Tech companies must step up. WhatsApp, Instagram, YouTube need AI-powered deepfake detection. They need to make reporting easy. Right now, most Indians don't even know how to report deepfakes.


We need real digital literacy. Schools should teach kids to spot deepfakes. Parents should learn. Grandparents should learn. Every Indian should know the warning signs: odd eye movements, unnatural blinking, background inconsistencies.


Companies must protect their people. Employees should never authorize large transfers based on a video call alone. Verify separately.


We need detection tools accessible to everyone. Tools exist, but how many Indians know about them?


We must support victims. Counseling. Legal aid. Community support. Right now, they're suffering in silence.


The Uncomfortable Truth.


Deepfakes are the new acid attacks because both are attacks on identity. Both leave permanent scars. Both happen to people who didn't deserve it. Both happen in systems that fail to protect victims.


But deepfakes are worse in one fundamental way: they're contagious. They spread. They replicate. An acid attack destroys one person's face. A deepfake can destroy millions of people's trust in reality itself.

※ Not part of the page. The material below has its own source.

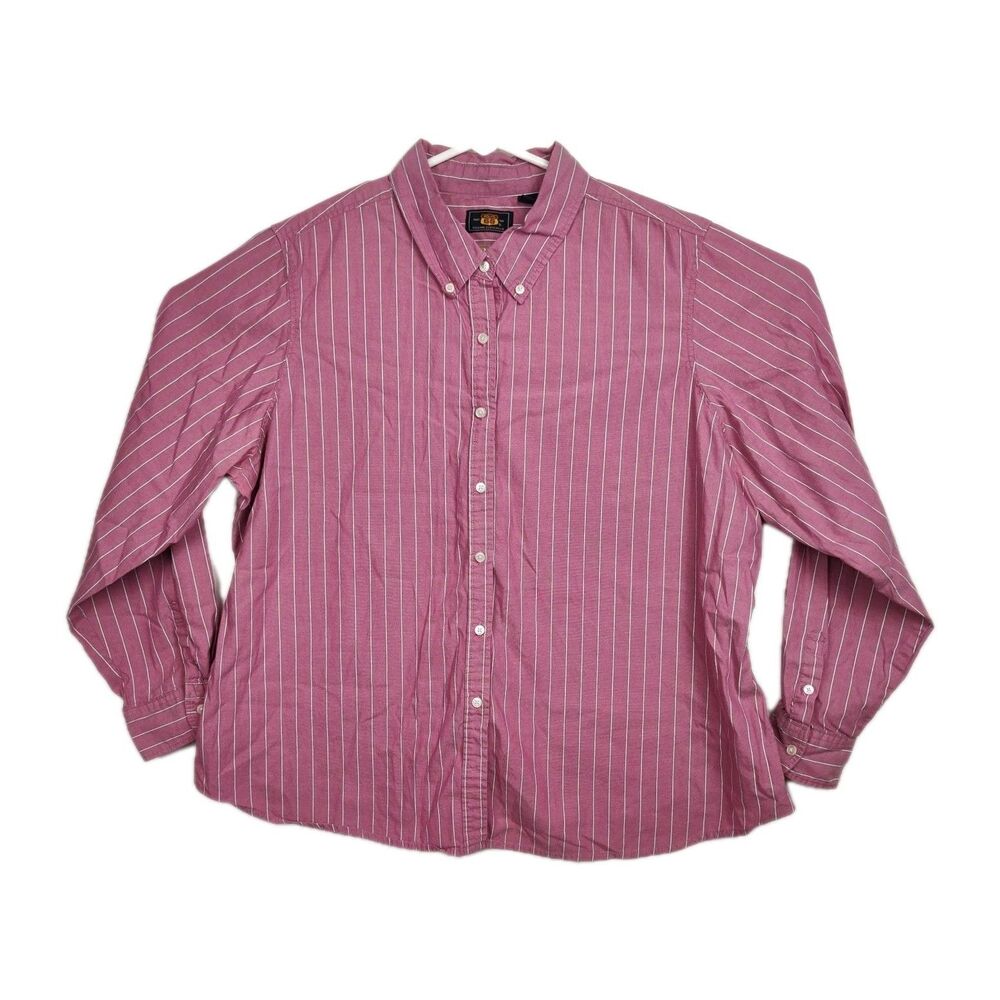 Route 66 Button-Up Shirt Men's 22W Pink w/ White Stripes‎ Long Sleeves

The technology won't go backwards. Deepfake creation tools are becoming cheaper, easier, more realistic every day. Within two years, seeing alone won't be enough to believe.


So we can do nothing and watch deepfakes become normalized—more money stolen, more women silenced, more elections influenced, more truth eroded. Or we can act now: demand better laws, support victims, educate ourselves, hold tech companies accountable.


Because right now, deepfakes are the new acid attacks. And most of us are still pretending we don't see it happening.


FAQ.


Q: How can I tell if a video is a deepfake? A: Look for unnatural eye movements, inconsistent blinking, odd lighting, audio that doesn't match lips, and background inconsistencies. But honestly, the technology is improving so fast that visual detection is becoming unreliable. Your best defense is skepticism—if something seems too convenient, verify it separately before acting.


Q: What should I do if I find a deepfake of myself? A: Document it. Report it immediately to the platform (Instagram, YouTube, WhatsApp, etc.). File a complaint with your local police cybercrime cell. Reach out to digital rights organizations. Persistence helps.


Q: Are deepfakes illegal in India? A: Not yet with a specific law. They can fall under defamation, cheating, fraud, or harassment laws depending on context. The government is working on IT Act amendments, but these haven't been finalized as of 2025.


Q: How do people create deepfakes? A: Using free or paid AI tools available online. Some need just 60 seconds of voice or a few photos of your face. This accessibility is why the problem is so widespread.


Q: Which platforms are most affected? A: WhatsApp, Instagram, YouTube, Facebook, and Telegram are the biggest vectors. Financial investment platforms are heavily exploited for scams.


Q: How can I protect my family? A: Teach them skepticism. Create an authentication protocol—a phrase or code family members use to verify each other's identity. Show them how to verify celebrity endorsements on official accounts. Never authorize transfers based on video calls alone.


Q: Are there deepfake detection tools? A: Yes, but most require technical knowledge. McAfee has a detector, but adoption is low. Your best tool remains human skepticism and verification through known channels.